Many small companies with names you’ve never heard of before are working on similar technologies, as are larger players ranging from Apple to Google and Samsung. Patents suggest that the eventual goal is to move computing as we know it into a virtual, augmented, or mixed reality space, such that your “laptop” or “tablet” will become little more than a virtual object inside a lightweight pair of goggles. These high-def screens will be a major factor in making that happen.
Less exciting but still cool: 8K displays
It wouldn’t be CES without plenty of super-large displays that average consumers won’t be purchasing any time soon, if at all, and this year’s show certainly didn’t disappoint in that regard. As was the case in past years, virtually every major TV maker showed up with big 8K TVs, apparently to demonstrate continued readiness for the day when consumer 8K video broadcasts commence, 8K optical discs become available, or 8K game consoles are released. (Most companies are still trying to wrap their heads around 4K, so don’t hold your breath.)

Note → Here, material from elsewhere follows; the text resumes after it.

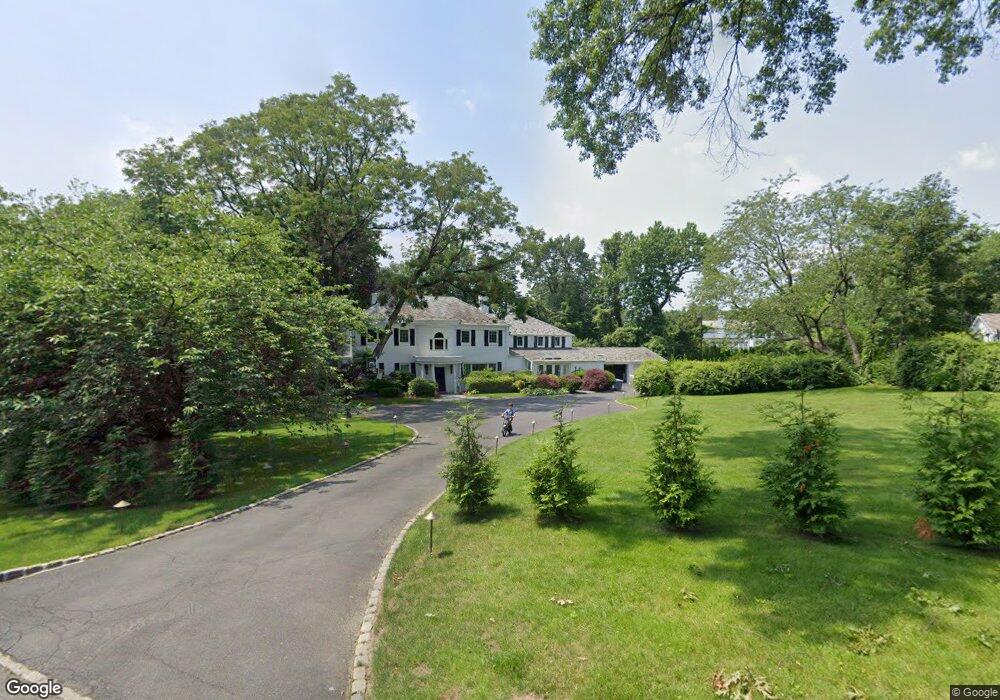 5 Beech Ln, Great Neck, NY 11024 - photo 1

The key thing about 8K TVs is that viewers cannot see the improvements over 4K TVs unless the screens are very large — think 75 inches or more, bigger than most sets sold today — and people are standing or sitting close, which they tend not to do with big screens. But if both of those criteria are met, you can witness an incredible level of detail: the Sharp display above offers 33 million pixels with a 120Hz refresh rate.
Rather than cropping the first 8K image above, I quickly moved closer to this 8K screen to grab a second shot from three inches away. Check out the tiny circles in those tiles — they look completely round rather than blocky, even at a short distance away from a large screen.
High-resolution displays of various sorts are going to rank fairly high on the “transformative technology” scale over the next five years, as screens are going to start appearing in shapes, sizes, and levels of quality that once seemed all but impossible. Questionable advances like 3DTVs have made CES screen announcements easy to tune out in recent years, but the latest technologies are set to make displays worth watching again.